En 1755, le marquis de Marigny, directeur des Bâtiments du Roi, passe commande à Allegrain d'une Vénus pour le château de Choisy. L'esquisse en terre-cuite est présentée au salon de 1757, mais n'est guère remarquée. En 1767, le grand marbre est achevé et exposé dans l'atelier du sculpteur. La même année, il est présenté au Salon, et reçoit des éloges, notamment de Denis Diderot dont le commentaire est resté célèbre : « Belle, belle, sublime figure ; ils disent même la plus belle, la plus parfaite figure que les modernes aient faite […] Les belles épaules, qu'elles sont belles, comme ce dos est potelé, quelle forme de bras, quelles précieuses, quelles miraculeuses vérités de nature dans toutes ces parties ». L'œuvre est ainsi unanimement appréciée malgré la mauvaise qualité du marbre fourni au sculpteur, souffrant de plusieurs veines bleuâtres.
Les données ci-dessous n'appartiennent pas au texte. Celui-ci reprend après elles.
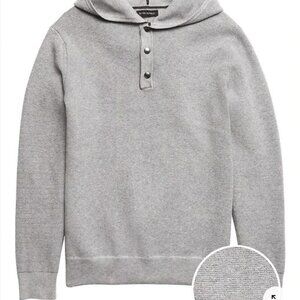 Banana Republic Men's Gray Supima Cotton Chunky Tight Knit Hooded Sweater XL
Il s'agit de la première commande importante passée au sculpteur, et Diderot avouera dans une lettre de mai 1768 au sculpteur Falconet : « Eh bien cet Allegrain dont je n'avais jamais entendu parler, vient de faire une Vénus au bain qui fait l'admiration, même des maîtres de l'art ». Allegrain s'est sensiblement inspiré d'un petit bronze du sculpteur maniériste Jean de Bologne, Baigneuse posant le pied sur un vase de parfum (plusieurs exemplaires connus), reprenant la ligne sinueuse du corps, les épaules tombantes, la poitrine haute et menue, et la coiffure composée de nattes sophistiquées. L'œuvre a intrigué les contemporains par sa pose sensuelle, se penchant en avant, avec une inclinaison délicate de la tête, qui a d'ailleurs nécessité de laisser un pont derrière la nuque pour renforcer la sculpture. Le visage est animé d'un discret sourire et d'un plissement à l'œil gauche, sollicitant la complicité du spectateur. On note le naturalisme du corps, les chairs pleines, laissant apparaître des bourrelets et plis sur le ventre, les hanches, et le creux du bras, si admirés par Diderot. La sculpture est acquise par Louis XV qui l'offre en 1772 à sa favorite madame du Barry, qui l'installe alors dans le parc du château de Louveciennes.